● **What the exercise asks**
Transcribe all of the data verbatim, please, and leave out its pictures.

● **Task inputs**
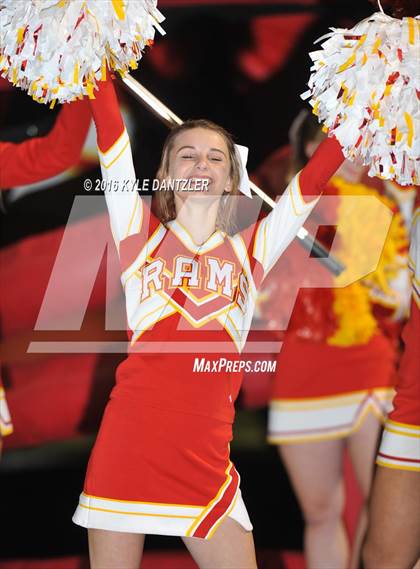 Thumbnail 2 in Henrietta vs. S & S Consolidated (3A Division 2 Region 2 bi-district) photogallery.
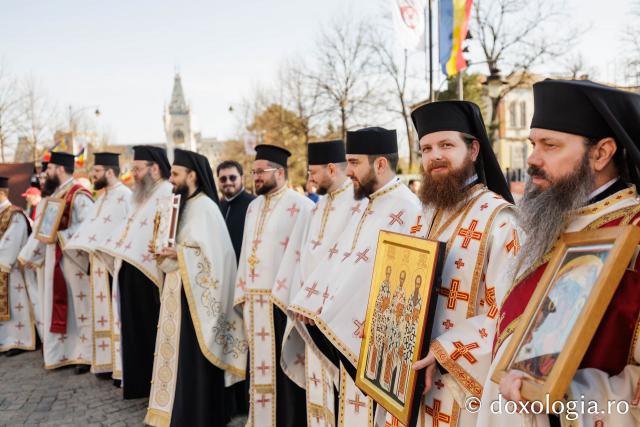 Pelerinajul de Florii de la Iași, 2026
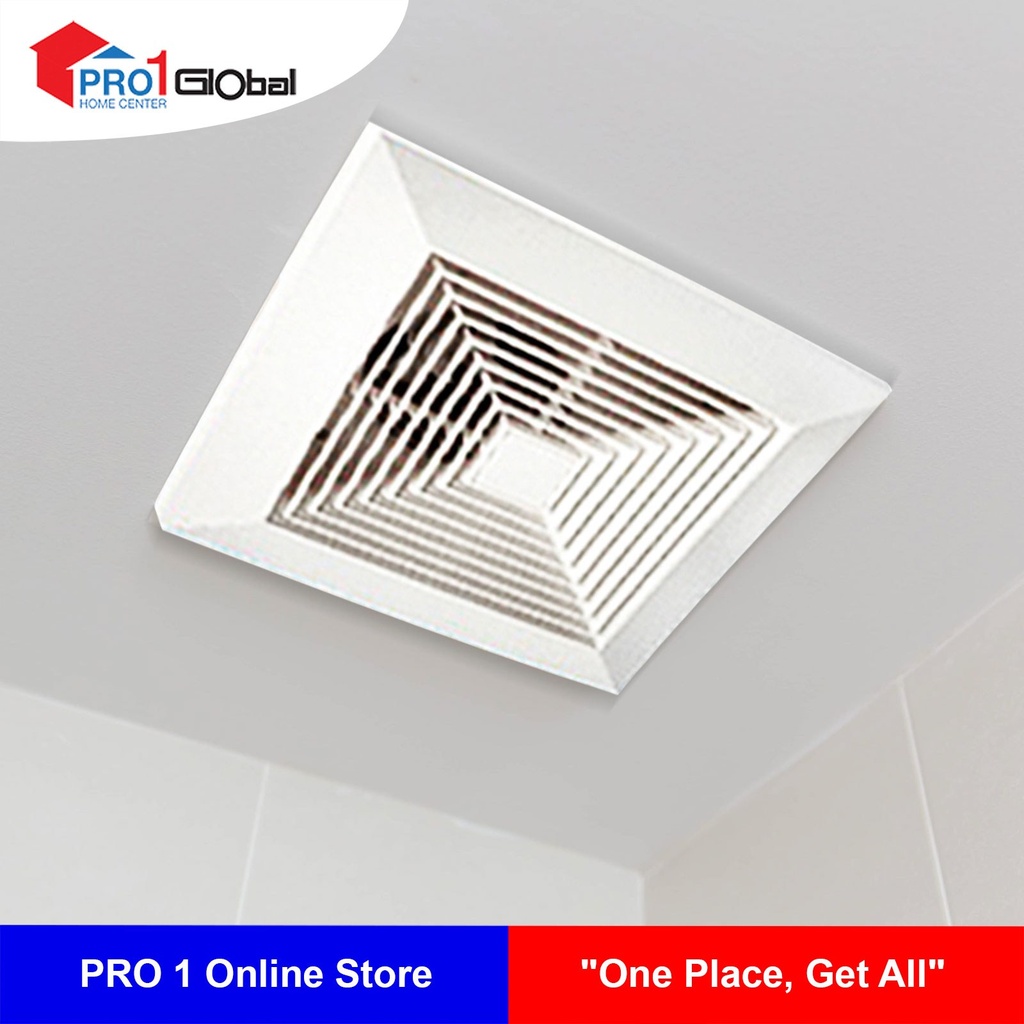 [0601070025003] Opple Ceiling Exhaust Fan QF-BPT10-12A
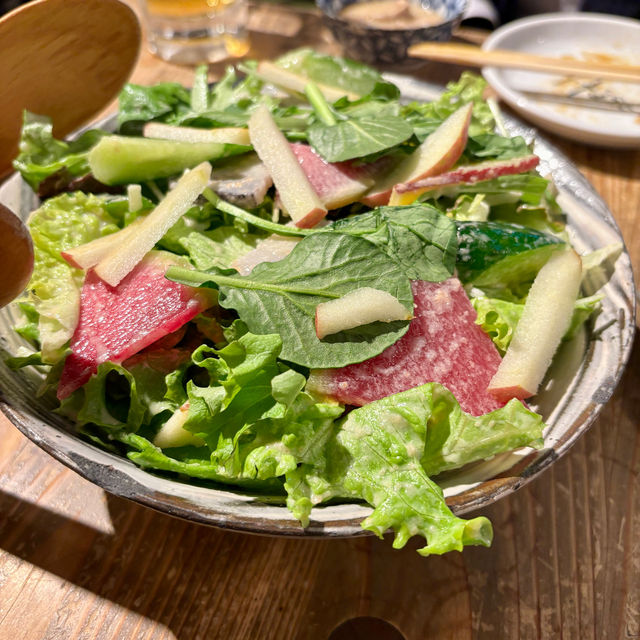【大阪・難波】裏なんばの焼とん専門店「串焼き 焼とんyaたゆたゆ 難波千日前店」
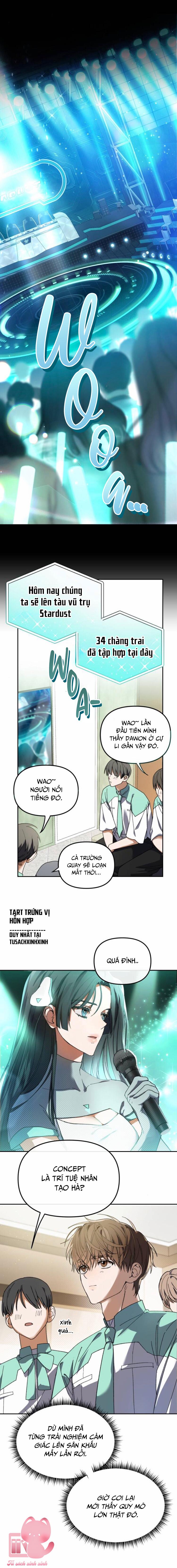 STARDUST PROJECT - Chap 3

● **Result of the exercise**
 Thumbnail 2 in Henrietta vs. S & S Consolidated (3A Division 2 Region 2 bi-district) photogallery.
 Pelerinajul de Florii de la Iași, 2026
 [0601070025003] Opple Ceiling Exhaust Fan QF-BPT10-12A
【大阪・難波】裏なんばの焼とん専門店「串焼き 焼とんyaたゆたゆ 難波千日前店」
 STARDUST PROJECT - Chap 3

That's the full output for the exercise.